What is expected: Report all lines of the records that contain "Road".
-------- Listed records
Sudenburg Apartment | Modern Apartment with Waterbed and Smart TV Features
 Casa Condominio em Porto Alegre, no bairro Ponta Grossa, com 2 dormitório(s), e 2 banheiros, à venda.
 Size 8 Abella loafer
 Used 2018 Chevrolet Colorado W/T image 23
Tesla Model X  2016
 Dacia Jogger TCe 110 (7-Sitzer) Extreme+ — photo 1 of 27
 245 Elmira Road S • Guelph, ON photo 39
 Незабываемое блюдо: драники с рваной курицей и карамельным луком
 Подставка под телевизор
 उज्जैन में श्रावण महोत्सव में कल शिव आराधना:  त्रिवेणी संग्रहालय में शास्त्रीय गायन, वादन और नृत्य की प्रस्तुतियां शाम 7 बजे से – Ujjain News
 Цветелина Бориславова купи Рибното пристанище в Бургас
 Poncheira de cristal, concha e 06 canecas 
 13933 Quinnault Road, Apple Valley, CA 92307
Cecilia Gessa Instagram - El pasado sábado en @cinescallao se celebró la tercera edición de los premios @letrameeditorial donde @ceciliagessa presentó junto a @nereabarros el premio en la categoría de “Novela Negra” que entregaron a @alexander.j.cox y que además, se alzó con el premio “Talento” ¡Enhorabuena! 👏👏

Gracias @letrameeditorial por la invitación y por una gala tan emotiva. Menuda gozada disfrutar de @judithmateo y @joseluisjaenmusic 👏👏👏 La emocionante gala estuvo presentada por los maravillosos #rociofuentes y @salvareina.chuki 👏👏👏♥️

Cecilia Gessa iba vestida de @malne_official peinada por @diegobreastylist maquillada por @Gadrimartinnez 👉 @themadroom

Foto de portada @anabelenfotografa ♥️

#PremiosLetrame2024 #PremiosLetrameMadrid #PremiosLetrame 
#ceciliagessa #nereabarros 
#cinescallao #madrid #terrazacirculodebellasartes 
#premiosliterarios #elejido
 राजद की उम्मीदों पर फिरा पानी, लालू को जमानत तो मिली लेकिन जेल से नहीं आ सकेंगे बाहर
----------------
Output for this exercise:
 245 Elmira Road S • Guelph, ON photo 39
 13933 Quinnault Road, Apple Valley, CA 92307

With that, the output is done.